ClassmatesLaneTechGirl500Wide.jpg

How about… “imaginary”?

As I’ve said before with respect to fraudulent pitches like this, there were no girls in Lane’s Class of 1970. And I’ve heard from others who have paid up for the service in response to Classmates’ endless emails, only to find that no one had signed their guestbooks, and no one was looking for them. Once I’d call a mistake. But this is actually the third such pitch I’ve received (I mentioned the second back in January) and three’s a pattern. I suspect I will get another every so often.
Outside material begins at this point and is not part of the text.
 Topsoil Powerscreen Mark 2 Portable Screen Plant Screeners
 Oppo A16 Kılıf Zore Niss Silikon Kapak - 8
Simple lesson, put bluntly: Assume that everything you receive from Classmates.com is a scam.

3 Comments

  1. Erbo says:

    I used to pay for Classmates’ Gold membership several years ago, but I didn’t get much value out of it, so I let it lapse. I wouldn’t do it again; quite frankly, in terms of reconnecting with old high school classmates, I’ve gotten more value out of Facebook than I ever got from Classmates. Sabrina has done even better than I have in terms of the “classmate reconnection on Facebook” thing. Long term, I don’t think Classmates will be able to compete.

  2. Scott says:

    I loved the headline in The Onion some time ago: “Classmates.com Employees Don’t Have Heart to Tell CEO About Facebook.” 🙂

  3. Michael Covington says:

    This needs to go to the FTC and/or the appropriate state government. Prima facie, it is clear evidence of deceptive advertising.